* _Recorded information_:
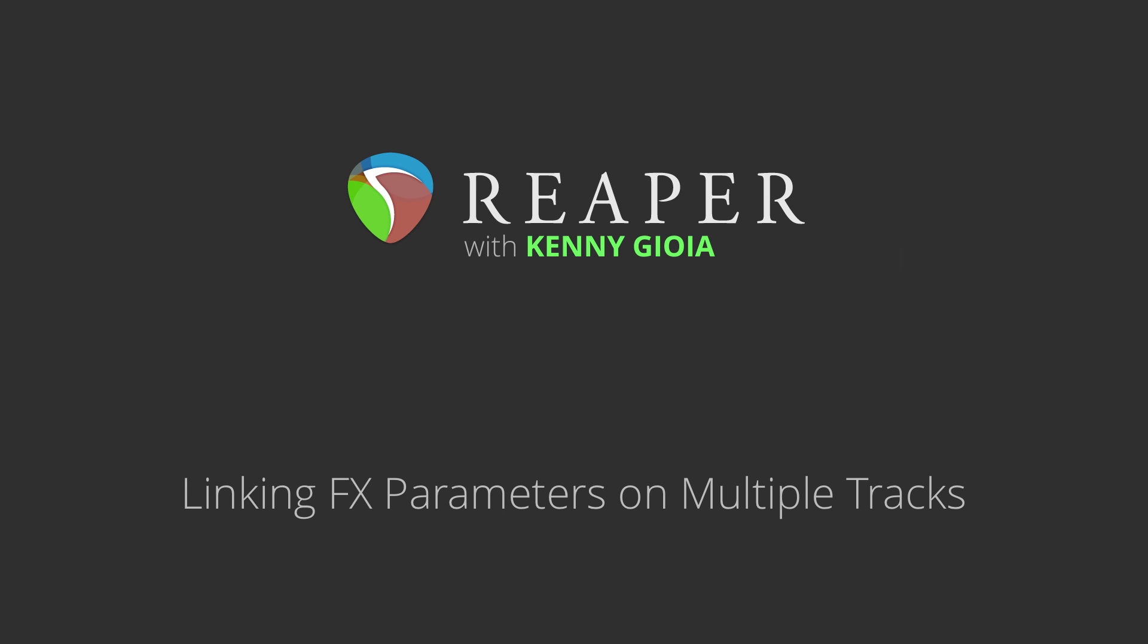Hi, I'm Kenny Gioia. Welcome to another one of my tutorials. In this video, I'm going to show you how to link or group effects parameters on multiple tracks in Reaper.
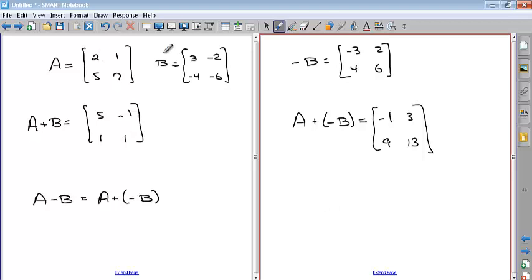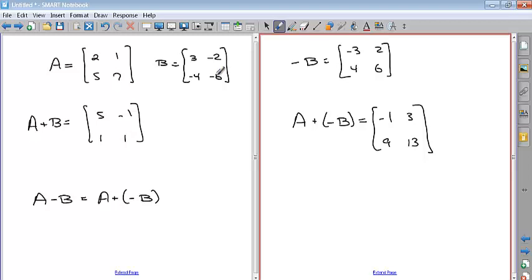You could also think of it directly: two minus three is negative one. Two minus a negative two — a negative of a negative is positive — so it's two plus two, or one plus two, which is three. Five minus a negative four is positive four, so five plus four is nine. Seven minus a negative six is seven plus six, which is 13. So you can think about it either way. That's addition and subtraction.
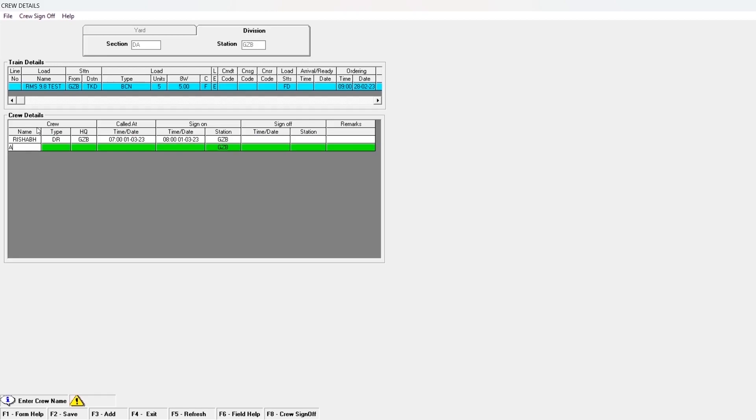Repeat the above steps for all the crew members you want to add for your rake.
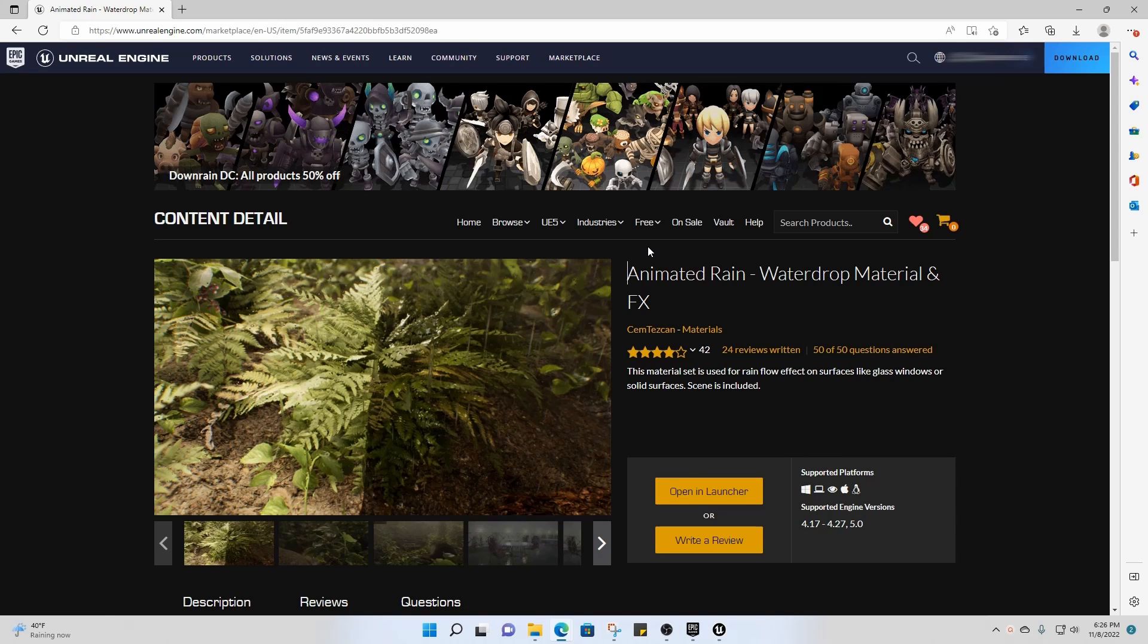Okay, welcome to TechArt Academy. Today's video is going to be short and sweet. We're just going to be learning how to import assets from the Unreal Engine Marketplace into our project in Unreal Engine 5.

* _To do_:
Would you copy, exactly, each line from the start of the listing above through the line with "You could also", both ends included, but none of the pictures?

* _Reply to the exercise_:
Hi, I'm Kenny Gioia. Welcome to another one of my tutorials. In this video, I'm going to show you how to link or group effects parameters on multiple tracks in Reaper.
You could also think of it directly: two minus three is negative one. Two minus a negative two — a negative of a negative is positive — so it's two plus two, or one plus two, which is three. Five minus a negative four is positive four, so five plus four is nine. Seven minus a negative six is seven plus six, which is 13. So you can think about it either way. That's addition and subtraction.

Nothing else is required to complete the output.